Bay Area thrashers Vio-Lence might have only been around for eight years but what a magnificent near-decade it was. From their classic hyper-aggressive debut Eternal Nightmare (MCA Records) to the controversial lyrics of ‘Torture Tactics’ and a deliciously questionable vegetable soup and vinegar “vomit bag” plastic record sleeve, the band also launched the career of a certain Robb Flynn who went on to form 1990s game-changers Machine Head, eventually to be followed by guitarist Phil Demmel. With three studio albums under their belts, the band went their separate ways in 1993, only becoming a full-time going concern again in 2019.
With a life-saving liver transplant giving vocalist Sean Killian a new lease of life, it was time for Vio-Lence to return. Or at least three fifths of them anyway. With Demmel rejoining alongside drummer Perry Strickland, the original members turned to former Overkill guitarist Bobby Gustafson and ex-Fear Factory four stringer Christian Olde Wolbers to relaunch the band with Let The World Burn (Metal Blade) their first new release in almost thirty years.
Driven by pinch squeals and ferociously fast riffing, ‘Flesh from Bone’ is out of the starting blocks like a rocket, the opener punctuated by Killian’s unmistakable, if occasionally divisive, vocal delivery which even begins to sound like Slayer frontman Tom Araya in places. More razor sharp aggression lies in wait with ‘Screaming Always’, a weighty cut which adopts a slightly more laid back approach in its groove -fuelled middle section. Somewhat reminiscent of ‘Nanking’ by fellow Bay Area legends Exodus, ‘Upon Their Cross’ comes armed with bags of low end pitch diving and whammy action while the short sharp three and a half minute blast of ‘Gato Negro’ is a rapid and brutal excursion into neck pain.
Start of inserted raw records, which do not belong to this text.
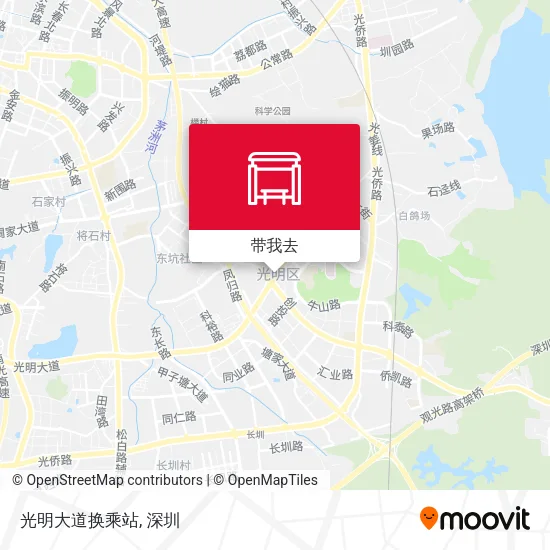 光明大道换乘站地图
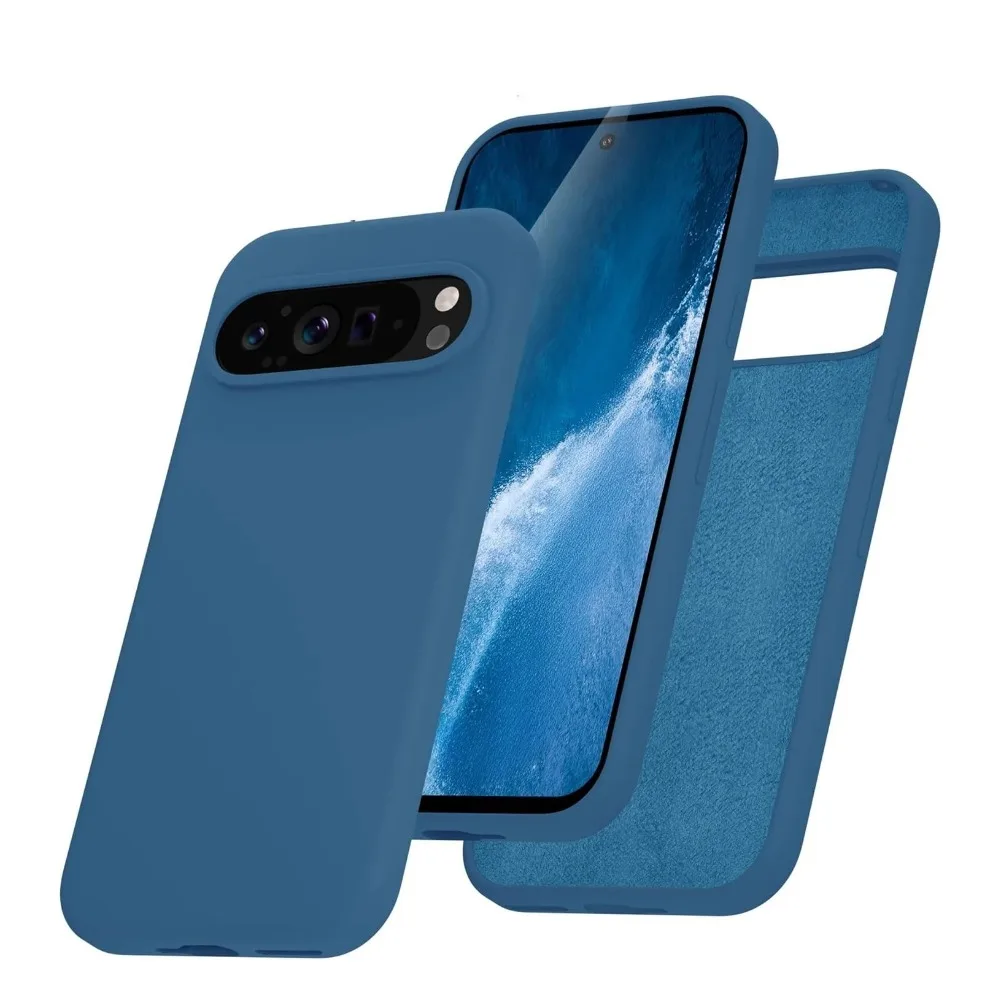 Luxury Liquid Silicone Shockproof Case - Matte Skin Feel, Solid Color, Slim & Soft Design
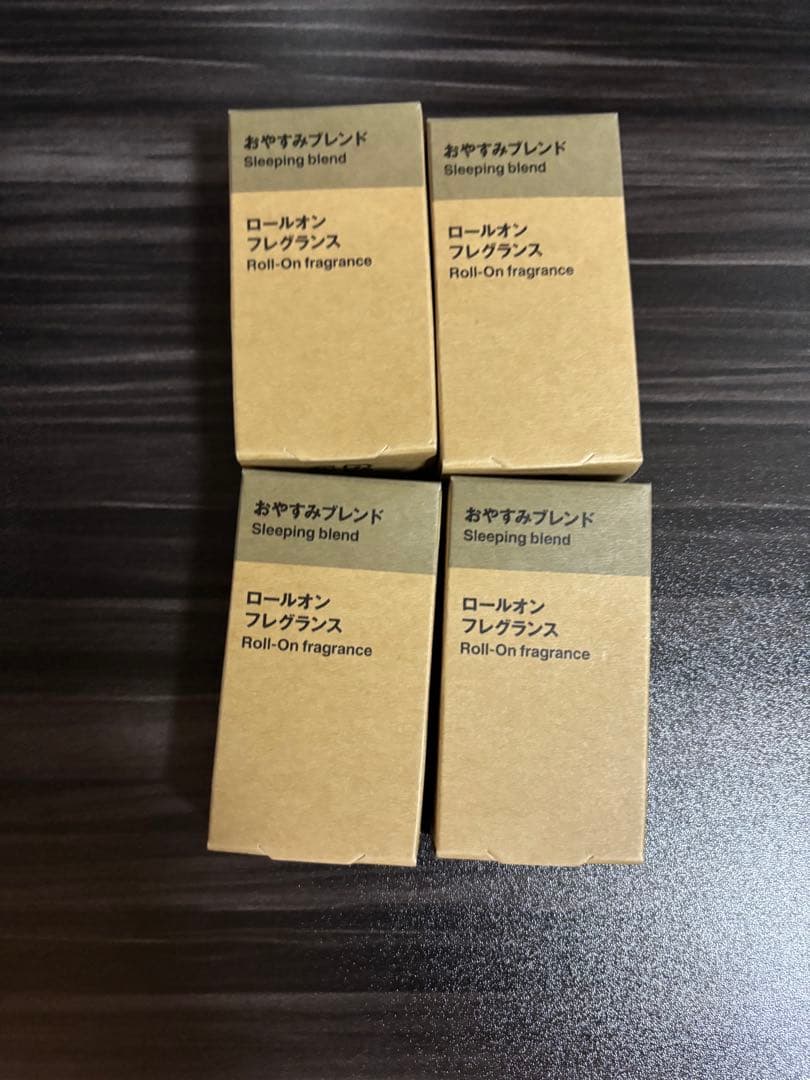 無印良品　おやすみブレンド ロールオンフレグランス 6mL×4箱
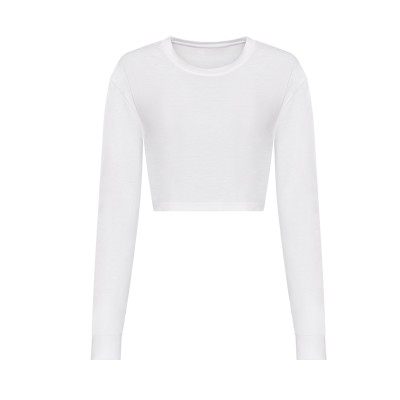 T-shirt corta a maniche lunghe da donna T-shirt corta a maniche lunghe da donna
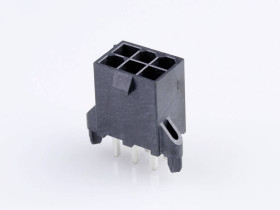 Molex Listwa kołkowa, męska, do wbudowania, standardowa Ilość pinów 6 Wymiary siatki: 4.20 mm 462070006 1 szt. paleta
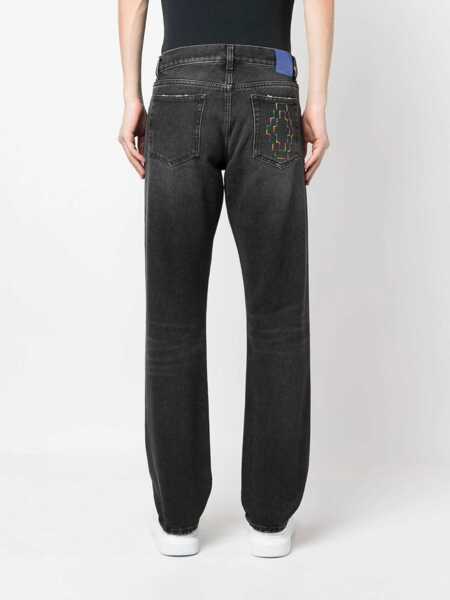 Blugi drepti Marcelo Burlon Jeans Cross BLACK Barbati (BM 9769298) 4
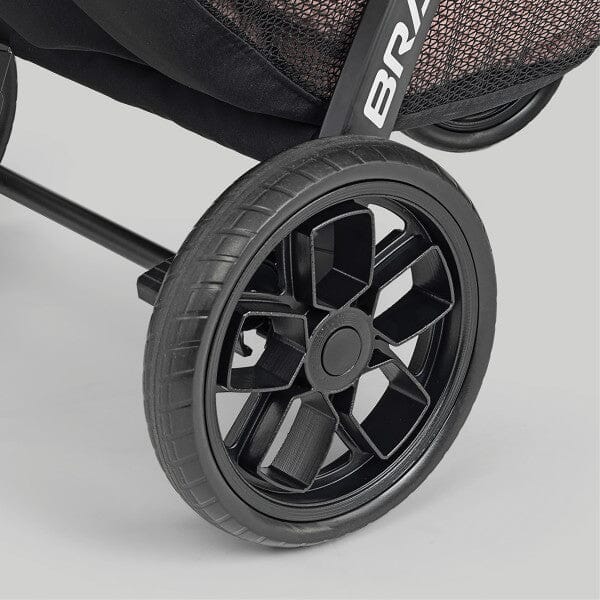 Chicco Bravo LE ClearTex Quick-Fold Stroller - Pewter- Strolleria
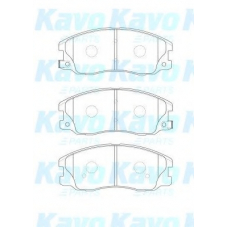 BP-1012 KAVO PARTS Комплект тормозных колодок, дисковый тормоз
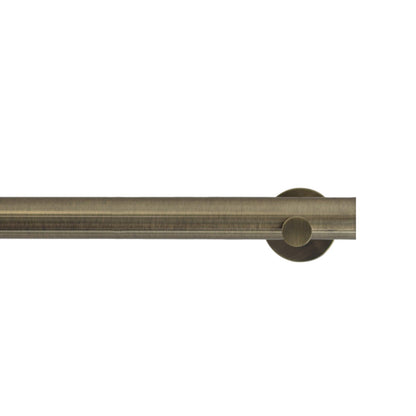 Jones Strand 35mm Metal Eyelet Curtain Pole, Burnished Brass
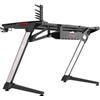 Berserker Gaming BERSERKER Scrivania da Gaming Balder con Illuminazione RGB, 120x64x75 cm, Hub USB 4 Porte, Supporto per Cuffie e Portabicchiere, Nero/Argento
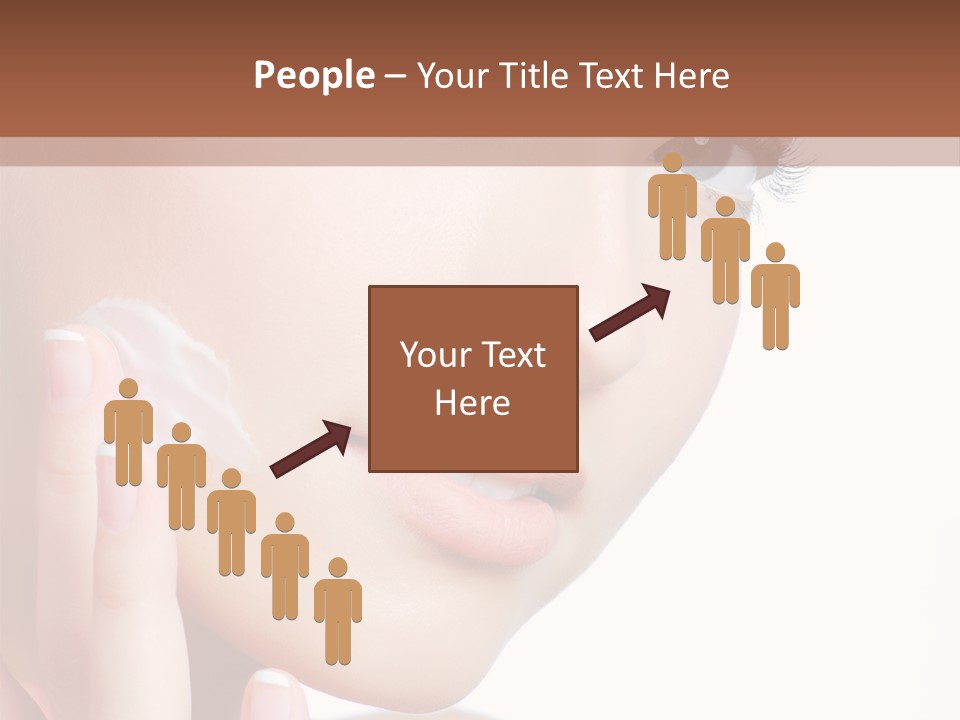 A Woman Holding A Cream On Her Face PowerPoint Template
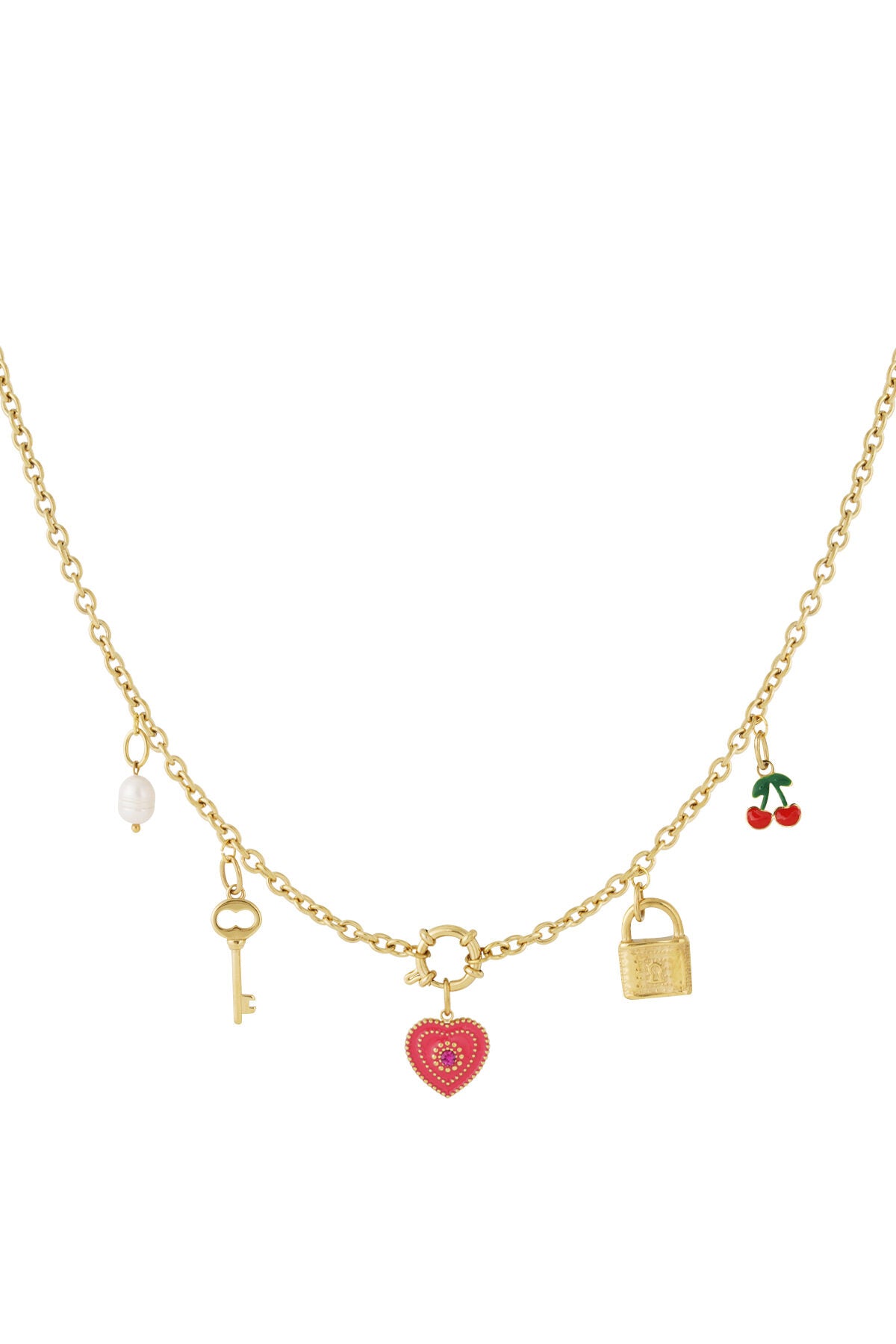 Elegant 14K Gold Plated Heart Pendant Necklace for Women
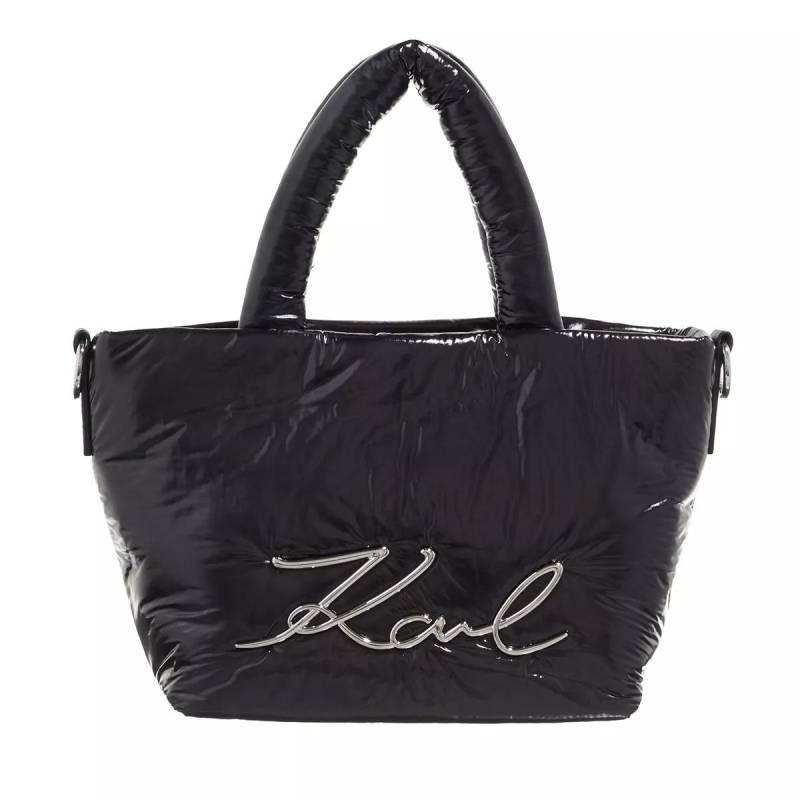 Karl Lagerfeld Handtasche - K/Signature Soft Sm Tote Nylon - Gr. unisize - in Schwarz - für Damen von Karl Lagerfeld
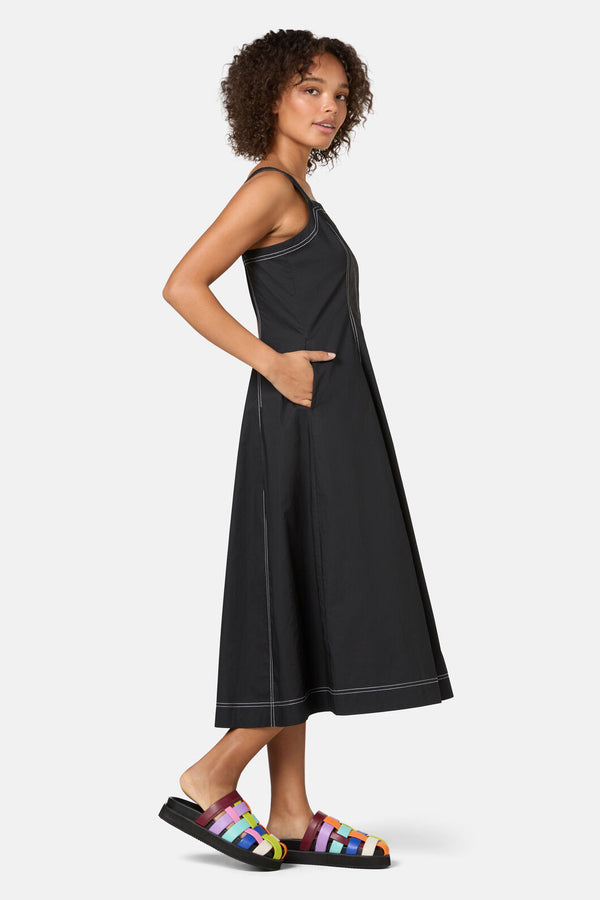 Gorman NZ - Isabella Apron Dress - black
The title track closes out the record with a riff so fast that even the most accomplished of air guitarists are sure to suffer sore wrists afterwards.
So there you have it. After almost three decades away, Vio-Lence has returned like 1988 was only last week. A stunning five-track EP with the promise of another short-form release to come in the future, Let The World Burn might only be a temporary high but it’s been more than worth the wait.